The first rock I stepped onto was the coast of Nova Scotia. The second, Newfoundland. From there it was a giant leap to Ireland, the leg that had been so many pilots' undoing — and proved to be mine, as I crashed into the water. Fortunately for me, the consequence was a pair of soaked boots, not death. And fortunately for Charles, he made it over Ireland, on to France and into history.
I had set up camp beside the creek, in Charles A. Lindbergh State Park — named for the aviator's congressman father — and followed its sinuous path with a single thought: What is it about this place that would inspire one of its sons to reach for such audacious heights?
Platted in 1848, Little Falls, about 90 miles northwest of the Twin Cities, is one of Minnesota's oldest towns. In 1902, when the younger Lindbergh was born, it was as large as Rochester and, though it seems impossibly optimistic, there was talk of building an opera house.
The town's claim to fame, and the state park's main attraction, is Charles' boyhood home, which invites visitors to take a peek into his childhood. To get there, I trailed through a forest of slender trunks until the Mississippi River revealed itself behind needled slats of pine.
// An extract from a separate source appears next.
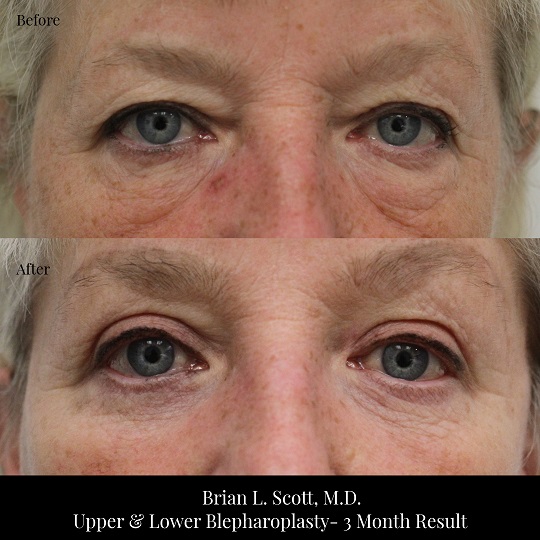 Upper and Lower Blepharoplasty Portland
Built into the precipice of a bluff, the gray-clapboard, white-trim house loomed from the river's vantage. Square screens marked the porch where Charles insisted upon sleeping regardless of the temperature. Above that was the dormer window he breached to the rooftop, where he sighted his first airplane.
In the home's shadow, I sat beside the riverbank to meditate. Charles recalled among his earliest memories watching the gentle whorls on the river's surface from his crib. As a boy, after visits upstream, he would often cast himself into the water and let the current carry him home.
I thought about how the river is like an aerial route, connecting faraway cities. Viewed from the sky at night, you see the same dots of light linking distant destinations. A few drops of water will find passage to farms and cities along the way. Others will continue to the Atlantic and beyond. Those that evaporate might land anew over the pastures of Wisconsin.